Holy Week began for Jesus with an anointing. At the house of Lazarus, Martha and Mary in Bethany, a suburb of Jerusalem, the disciples threw a banquet to honor Jesus’ triumphal entry into the holy city at Passover time. Mary broke open a precious vial of aromatic oil and poured it over the feet of Jesus, wiping them with her hair. Her extravagant display of love turned his triumph toward the cross, and her insight that his beloved body must be prepared not for the throne but for the tomb infuriated the other disciples.

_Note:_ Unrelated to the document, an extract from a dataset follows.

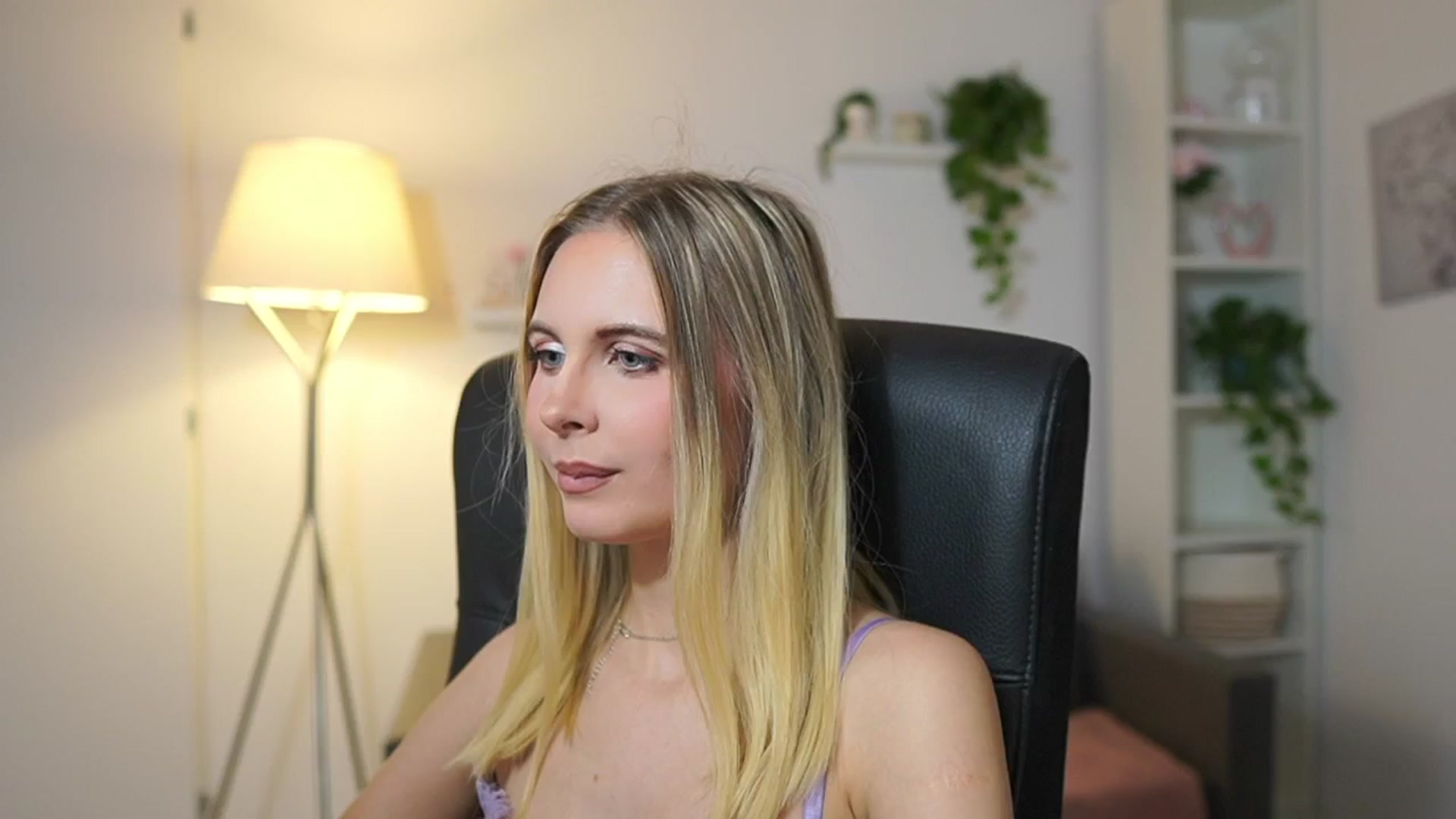 Gallery image thumbnail from Catecrago_'s myfreecams stream on, 12/17/2025, 13:54 image 8 of 20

It was a waste of money and an affront to their hopes that after three hardscrabble years of climbing up and down the dusty roads of Palestine they were almost at the top, Jesus and them, a messianic tour on the verge of success.

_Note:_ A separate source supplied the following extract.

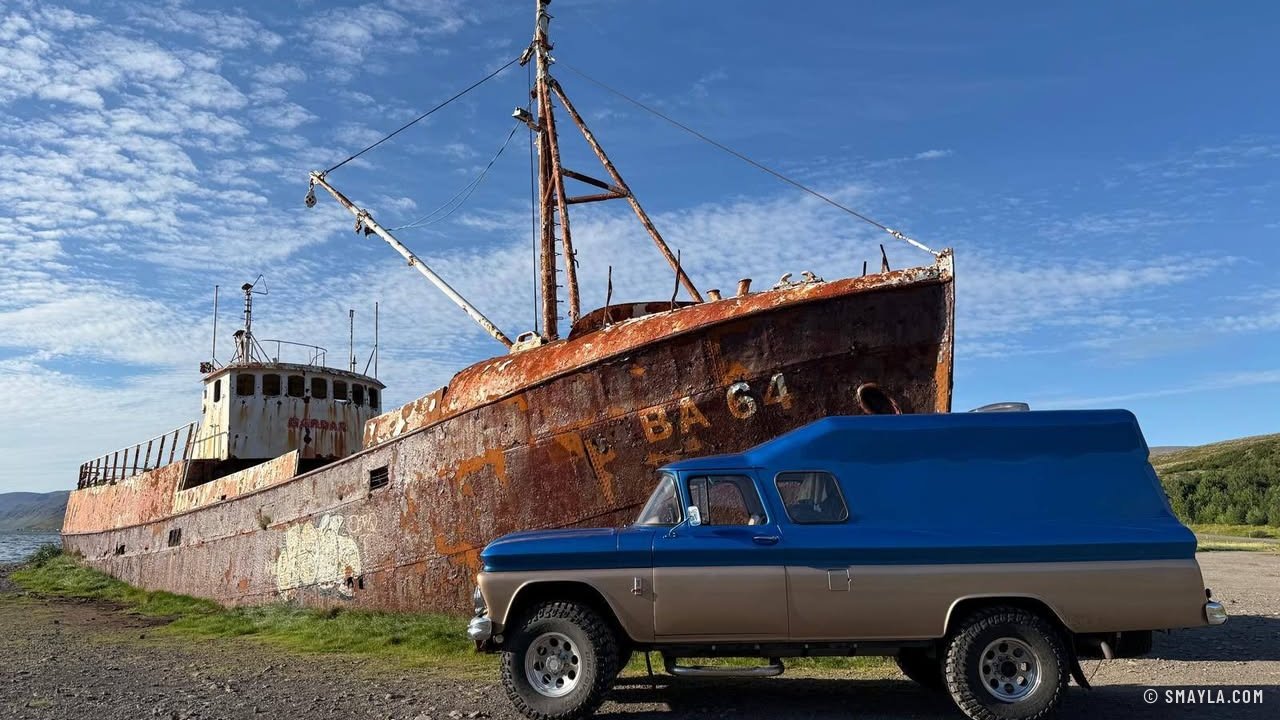Le C30 devant l'épave du Garðar BA 64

By Tuesday, Mary’s spoiler would add to a shift in mood to talk of betrayal. A somber Jesus, still reeking of perfume, looked them all in the eye and said, “One of you is about to betray me.” Taking a morsel of bread and dipping it into the common dish, he handed it to Judas. Perhaps he loved Jesus even more than Mary of Bethany, and it was out of jealous rage and disappointment that he tried to redirect Jesus toward power instead of some futile, wasteful self-sacrifice.

Our delegation began the week with an orientation session in which we were asked, “Why did you come to El Salvador?” A lively contingent of students from a Seattle high school, church groups from San Francisco and Kansas City, individuals on personal pilgrimage, SHARE staffers and one embedded journalist, we were all still trying to get our bearings. A common theme emerged from our reflections: We came because we were invited. Our paths had converged here, and only some mysterious grace could fully explain why we, strangers, were about to cross a threshold together that we knew could alter the trajectories of our separate lives toward a different future, with unforeseen consequences. Anointed with sunscreen, smelling like coconuts and feelng the first hint of sweat even early in the day, we were already becoming a community of friends, entering the holy city of San Salvador to commemorate the death of a good man.

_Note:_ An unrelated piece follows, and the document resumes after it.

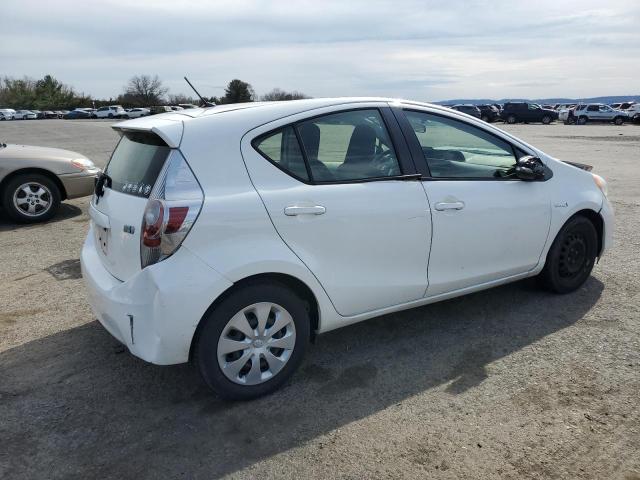 JTDKDTB37E1066780 - 2014 TOYOTA PRIUS C WHITE photo 3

Thirty years earlier, to the day, Monseñor Romero, fragrant with the love his people lavished on him with outstretched hands at every opportunity as he moved among them, was in his final days. Betrayal was in the air, death threats mounting by the hour. He had already endured a martyrdom of calumny and vilification in the daily newspapers owned by San Salvador’s powerful elite. His deepest anguish came from a relentless distortion of his words and motives by some of his fellow bishops, aligned with the wealthy and secretly channeling their criticisms through the papal nuncio to the highest levels in the Vatican. They blamed Romero for the violence being unleashed on protestors in the cities and peasants in the countryside by the security forces and shadowy death squads sponsored by rich landowners. If only he had left well enough alone, stayed out of politics, there would be peace, law and order.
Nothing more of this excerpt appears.